Ванда тогда взглянула на хорошенькое фарфоровое личико, на выстиранный и отглаженный фартучек с надписью «Марта», причёсанные и заново уложенные волосы и облегчённо вздохнула. Она больше не была одинокой и несчастной.
С тех самых пор, Марта являлась регулярно. Чаще всего в особенно мрачные для Ванды дни. И всегда придумывала что-нибудь интересное. То они бежали в сад, то устраивали кукольное чаепитие, то рассматривали книжку с картинками, то бегали наперегонки, то просто о чём-то непринуждённо болтали. Но чаще всего они играли в прятки. Марта во всём была лучше: быстрее, ловчее, сообразительнее.
Ванда съела сэндвич, допила свой кофе и улыбнулась. Она и сейчас слышит переливчатый смех и звонкий голосок Марты: «Раз, два, три, четыре, пять… я … иду… тебя… искать…» У Марты всегда было хорошее настроение, блестящая идея для новой игры и доброе слово для плаксы Ванды. Родителям не нравилась это. И однажды Ванда поняла, до какой степени. В день, когда ей исполнилось восемь лет, появилась Марта.
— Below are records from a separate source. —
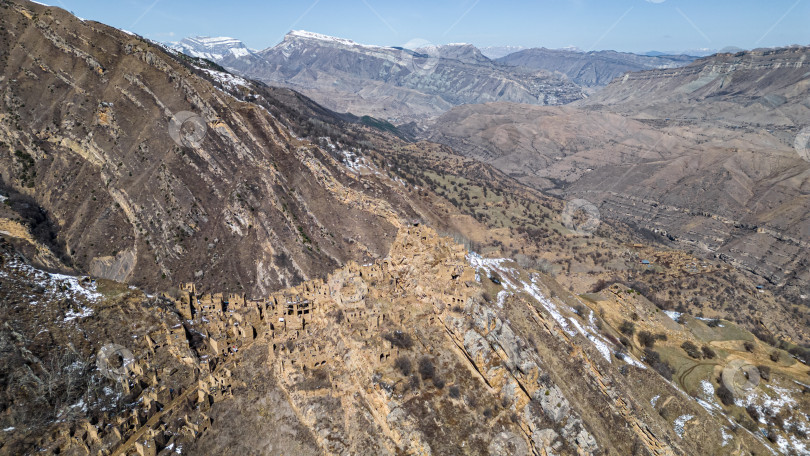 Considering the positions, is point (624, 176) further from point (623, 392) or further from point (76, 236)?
point (76, 236)

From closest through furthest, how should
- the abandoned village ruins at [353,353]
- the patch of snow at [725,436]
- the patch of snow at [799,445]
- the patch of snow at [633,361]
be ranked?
the abandoned village ruins at [353,353], the patch of snow at [725,436], the patch of snow at [799,445], the patch of snow at [633,361]

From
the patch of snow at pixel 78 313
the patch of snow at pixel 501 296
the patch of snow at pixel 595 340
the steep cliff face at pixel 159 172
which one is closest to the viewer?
the patch of snow at pixel 78 313

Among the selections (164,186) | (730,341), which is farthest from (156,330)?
(730,341)

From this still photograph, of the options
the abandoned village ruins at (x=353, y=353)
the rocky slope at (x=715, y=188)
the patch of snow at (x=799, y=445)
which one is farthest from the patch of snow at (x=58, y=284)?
the rocky slope at (x=715, y=188)

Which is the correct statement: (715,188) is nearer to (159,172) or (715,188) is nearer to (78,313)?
(159,172)

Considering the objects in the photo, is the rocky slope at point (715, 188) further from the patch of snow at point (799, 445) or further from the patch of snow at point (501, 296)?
the patch of snow at point (501, 296)

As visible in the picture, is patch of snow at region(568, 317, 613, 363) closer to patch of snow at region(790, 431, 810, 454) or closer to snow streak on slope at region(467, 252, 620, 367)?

Они, взявшись за руки, побежали к качелям и через какое-то время, как обычно, начали играть в прятки. У Марты в тот день, было особенно хорошее настроение. Она хохотала, специально путала Ванду, направляла её в одну сторону, а сама появлялась совсем с другой. Ванда выдохлась и закричала:
- Марта, это нечестно! Я не играю, Марта! Вдруг перед ней появилось бледное, вытянувшееся лицо матери, - Ванда была так увлечена игрой, что даже не заметила, как она подошла. Мать схватила дочь за плечи и затрясла со всей силы:
- Её нет! Прекрати! - на её лице выступили красные пятна, - Ты слышишь?! Зачем ты это делаешь? Её нет!! - в голосе матери послышались рыдания:
- Марты - нет! Сколько раз тебе можно это повторять!! Мать оттолкнула дочь, закрыла лицо руками и убежала в дом. После этого Ванда поняла, что не стоит обнаруживать перед родителями присутствие Марты.
Марта не стала приходить реже, но вести себя Ванда стала гораздо осмотрительнее. Только в одном случае, заводила и хохотушка Марта печально качала головой и даже вовсе исчезала. Это происходило, когда Ванда звала её к озеру. Она никогда не появлялась возле воды.
Заканчивая разбирать первый ящик, почти на самом дне, Ванда обнаружила видеокассету. Она взяла её в руки и усмехнулась: уже почти забыла, что это такое. На белой бумажной полоске, отцовской рукой было выведено: 1996 год. День рождения.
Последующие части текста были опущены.